Maria Rybakova : J’espère que l’IA ne me remplacera pas, ni les autres personnes qui font mon travail.
Vladimir Poutine : Pourquoi pas ? Il existe des réseaux neuronaux, et je pense qu’il existe aussi des présentateurs de télévision utilisant l’IA.
Maria Rybakova : C’est fini, je suis fichue. Mais l’aspect humain, Monsieur le Président, disparaîtra si l’IA vous pose des questions.
Vladimir Poutine : Ou alors, l’IA améliorera les choses.

Maria Rybakova : Merci. Mesdames et Messieurs, quelqu’un a-t-il quelque chose à ajouter aux questions qui ont été posées ? Nous approchons progressivement de la ligne d’arrivée.
Il me reste une dernière question, plutôt philosophique. Monsieur le Président, elle concerne l’Extrême-Orient, mais pas uniquement l’économie.
Voilà. Pour une raison que j’ignore, je pensais que l’Extrême-Orient vivait bel et bien dans le futur, car il est 17 h ici et c’est le matin à Moscou. Vous et moi sommes en pleine journée, ou plutôt, c’est presque le soir.
Dans l’ensemble, le monde paraît plutôt étrange aujourd’hui. Tout le monde en parle beaucoup, y compris des turbulences et des crises qui éclatent sans cesse, et il ne s’agit pas seulement de la crise ukrainienne, mais aussi d’Israël et de la Palestine. Les points chauds de ce genre sont nombreux.
Que pensez-vous de l’avenir de la Russie dans ce monde ? C’est la première question. Et la deuxième est : pensez-vous que le monde des prochaines décennies sera davantage occidental ou oriental ?

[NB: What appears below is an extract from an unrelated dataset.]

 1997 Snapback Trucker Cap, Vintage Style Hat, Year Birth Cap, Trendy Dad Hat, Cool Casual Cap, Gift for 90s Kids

Vladimir Poutine : Il sera multipolaire.

Maria Rybakova : Merci. Il ne me reste plus qu’à vous remercier de la confiance que vous m’accordez pour vous poser des questions aujourd’hui.
En conclusion, je suis également très reconnaissante à l’Extrême-Orient pour son accueil si chaleureux.
Comme l’a justement souligné M. le Président, demain, et certains d’entre nous aujourd’hui, prendront la direction de l’Ouest. Je voudrais donc conclure en disant que, puisque nous avons évoqué l’aigle à deux têtes dès le début, notre singularité et notre force résident peut-être dans le fait que nous ne choisissons pas, mais regardons dans les deux directions à la fois. Je pense que cela s’inscrit parfaitement dans la devise du forum anniversaire sur la coopération au nom de la paix et de la prospérité. Merci beaucoup.

Vladimir Poutine : Pour ma part, je tiens à remercier tous les participants, y compris nos invités étrangers, mes collègues qui travaillent avec moi aujourd’hui, et le public pour leurs efforts conjoints, car cela fait également partie du travail, ainsi que notre charmante modératrice pour avoir rendu possible une discussion aussi intéressante. Merci beaucoup.
Maria Rybakova : Merci. C’est la meilleure évaluation. Merci beaucoup, Monsieur le Président. Bon vol à tous, du moins à ceux qui partent aujourd’hui.